Oh my dear heart, my person has already moved on and I am sorry it is taking me so much time to accept this!

I kept telling myself the ‘train story’. Remember that? It’s the one where both you and I are travelling in a toy train, across the misty mountains, slowly, blissfully; people come and go, at their paces. We watched them travel, we watched them as they arrived at their stations and parted ways with their companions on the journey. We wondered how they must have felt- those who left, and those who stayed behind.

This is how my situation was. It was my turn to de-board that train I was travelling in, and I thought I understood how the ones who went away might have felt.

That’s why I panicked when I saw my relationship shattering- I could see that my station was approaching, and I figured that I would have to finally leave- I was scared. I felt like I didn’t belong to the rest of the journey ahead. I knew I had been dreading that very situation for months. I had been trying hard to come to terms with a lot of situations.
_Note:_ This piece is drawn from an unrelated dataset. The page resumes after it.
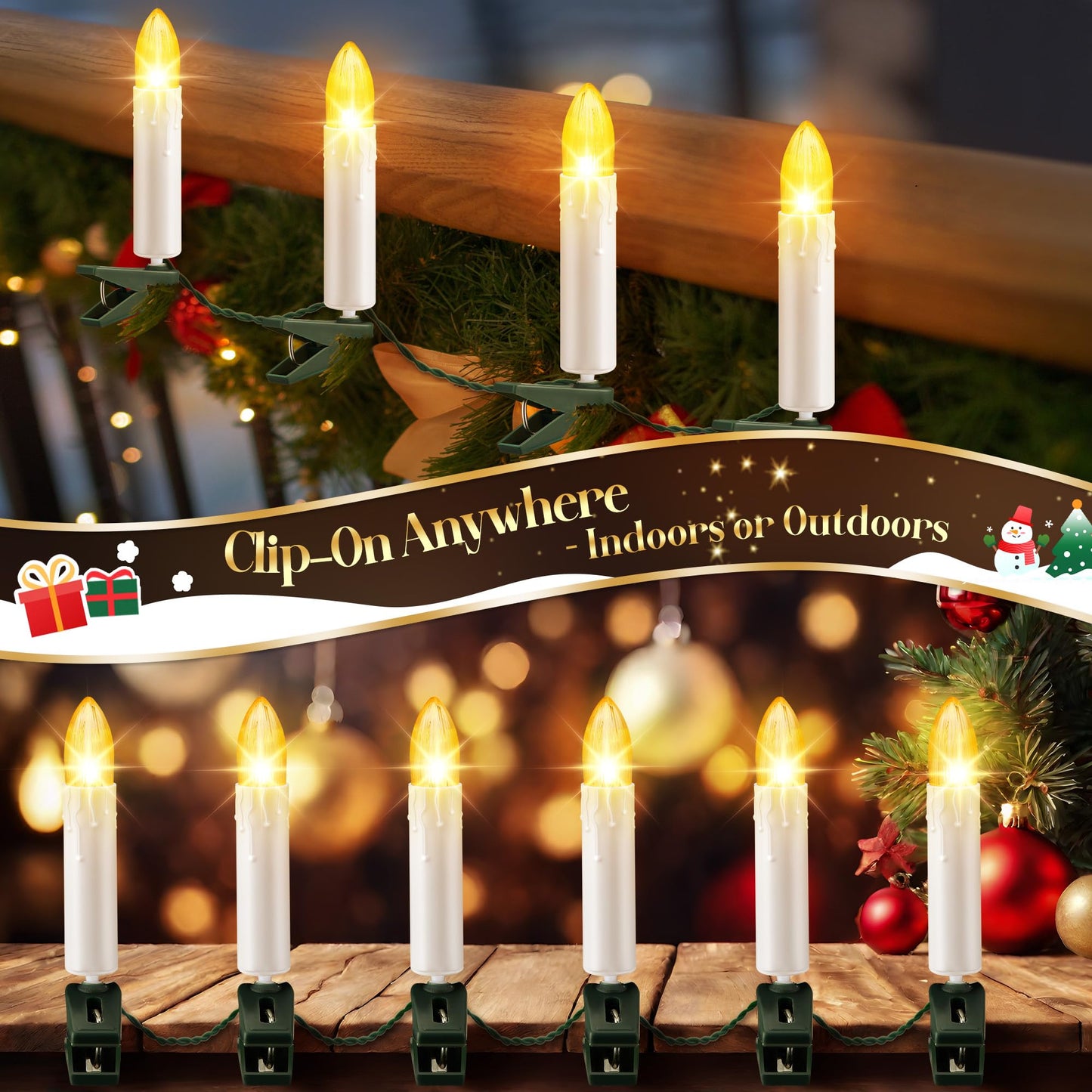 ElectricWise Christmas Tree Clip on Flameless LED Candle String Lights, White Candle with Clips & Remote Control & 8 Modes & Timer, Battery Operated, for Wedding & Holiday Decoration(10 Lights)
But knowing me, dear heart, I suppose, you would know by now, the person whom you call yours is an intense person. Me and my person, we began in a certain way, and for me, that was the deal for all the time ahead. Now, the person has already moved on, and I am sorry it is taking me so much time to accept this and to understand that we can’t stay in the same zone forever.

However, even if I don’t understand, you ought to, for you have a life. Do you know what’s hurting? The fact that I was not willing to accept my loss for long. I was unwilling to recognize the new dynamics that have paved the way, and that was perhaps the reason for my struggle. I can’t pull you into my battles- I being too much of a thoughtful person while you are a happy go lucky, bubbly entity. A lot of things, like the worry lines on your forehead, don’t suit you…it would be inhumane on my part to persist or insist you look at things from my perspective. We both perhaps have a purpose in each other’s journeys. That part, it seems, has been played, and it is now time.

Now, I must de-board. We might be parting ways, but you know where to find me…!

I tried to be outgoing. It won’t be easy for me, to go back to that solitary zone where I used to be, but then, that I believe, is the home and I shall go back there eventually. I’ll get used to it. However, for you, I am happy, very much. You have found your zone of comfort- away from me, one where I hope there are no negativities, resentments, immaturity. I’ll always be proud to see you smiling, independent, confident and responsible.

It feels good to see that you can look the world in the eye and establish as well as guard your identity. Really, I am so proud of you. Besides that, I am thankful too. For all the beauty, amazingness, happiness and value you brought to me. I am thankful to you for being you, for being mine, for being my companion the way you have been. Sincere gratitude. You have made me a better person; you have given me meaning and hope and strength. I’ll hold on to that. You have made a difference. I’ll keep holding on to that. It means a lot, everything you’ve made possible.

We might be parting ways, but know that, in case you ever need me, you know where to find me, how to contact me. I hold no bitterness whatsoever, for, who knows, maybe one day our worlds will merge again- more profoundly, more meaningfully; maybe one day, we would again find each other, hold, uphold, cherish the togetherness with a renewed zeal. So today, I set you free. This whole big sky of possibilities, opportunities, tomorrows- design it to your free will, this is all yours. Nothing should hold you back, ever. And, this journey we had, this beautiful chapter, this I am taking with me. Happy memories to last a lifetime. 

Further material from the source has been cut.